During my frequent strolls in Brussels I cannot resist to taste Astrid by Neuhaus, Avelanne by Leonidas, dragées Mountain by Callebaut – just to name a few. Of course I am not able to taste all of them as I am in “the chocolate capital of the world”.
They are true inventors, innovators and masters of irresistible tastes who make our lives so sweet. Belgians know them very well but do they have something special but a taste?
Maybe not at the first sight but you may discover that they are family-owned with recipes passing from one generation to the next. Does it really matter?

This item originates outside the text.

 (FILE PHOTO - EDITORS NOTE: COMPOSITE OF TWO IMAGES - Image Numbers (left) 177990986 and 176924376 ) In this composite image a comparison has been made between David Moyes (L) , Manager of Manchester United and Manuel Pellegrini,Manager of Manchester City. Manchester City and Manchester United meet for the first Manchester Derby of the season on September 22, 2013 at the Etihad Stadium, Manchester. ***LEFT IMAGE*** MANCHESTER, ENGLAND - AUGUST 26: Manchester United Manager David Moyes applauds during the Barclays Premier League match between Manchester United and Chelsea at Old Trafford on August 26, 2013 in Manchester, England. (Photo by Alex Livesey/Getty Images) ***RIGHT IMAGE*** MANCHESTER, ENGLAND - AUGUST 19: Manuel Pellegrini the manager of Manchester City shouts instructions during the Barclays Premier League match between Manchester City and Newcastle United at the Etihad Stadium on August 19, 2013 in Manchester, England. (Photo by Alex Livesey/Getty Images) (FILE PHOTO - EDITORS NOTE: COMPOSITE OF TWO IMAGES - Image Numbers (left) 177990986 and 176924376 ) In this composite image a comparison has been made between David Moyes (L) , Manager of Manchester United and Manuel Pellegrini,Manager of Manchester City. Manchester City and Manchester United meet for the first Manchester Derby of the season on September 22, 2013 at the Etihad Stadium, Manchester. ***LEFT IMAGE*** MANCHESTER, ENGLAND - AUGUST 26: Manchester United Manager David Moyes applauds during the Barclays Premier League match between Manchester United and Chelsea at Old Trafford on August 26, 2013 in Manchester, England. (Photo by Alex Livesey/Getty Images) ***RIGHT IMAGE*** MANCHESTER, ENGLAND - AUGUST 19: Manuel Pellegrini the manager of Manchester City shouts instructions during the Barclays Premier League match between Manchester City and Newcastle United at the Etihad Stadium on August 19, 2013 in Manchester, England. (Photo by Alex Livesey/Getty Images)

Angela Merkel – the Chancellor of Germany – said the following words about family firms on her website: “Family firms think in the long-term. They exist and intend to exist for a long time; this means they operate in a sustainable way”. This long-term orientation is crucial for them – this passing of recipes for confectionery from generation to generation or in general passing recipes for a successful business.
This is also crucial for economies: “Family firms account for half of the revenues and jobs in Germany but only a few of them are well-known in the general public. This could change during the times of crisis,” wrote Die Welt.
In a rough estimation, around 60% of all businesses in Europe are family business according to a European Commission’s expert group. They are both small and large companies employing between 40 % and 50 % of the total labour force. It seems that this is a quite huge group of enterprises that should not be left without support.
Family business can be characterized within three circles: families, businesses and ownership structure. The impact of the family on the other two circles determines the family nature of the company. This impact means that family businesses are more complex than their non-family counterparts and therefore require appropriate treatment.
I have been wondering whether the member states offer any institutional or legal support for their family firms. During my research I have come across many interesting country-specific experiences. Here are only a few examples.
Spain was amongst the pioneers in this field with Professor Miguel Ángel Gallo at the forefront. It is impossible to list the whole contribution of Spain to family firms, but I would like to point out the development of family governance, succession and ethical issues. You may learn about it by accessing a large library including videos, following the blog of Professor Josep Tàpies, who holds the Family-Owned Business Chair, or attending any of their educational programs.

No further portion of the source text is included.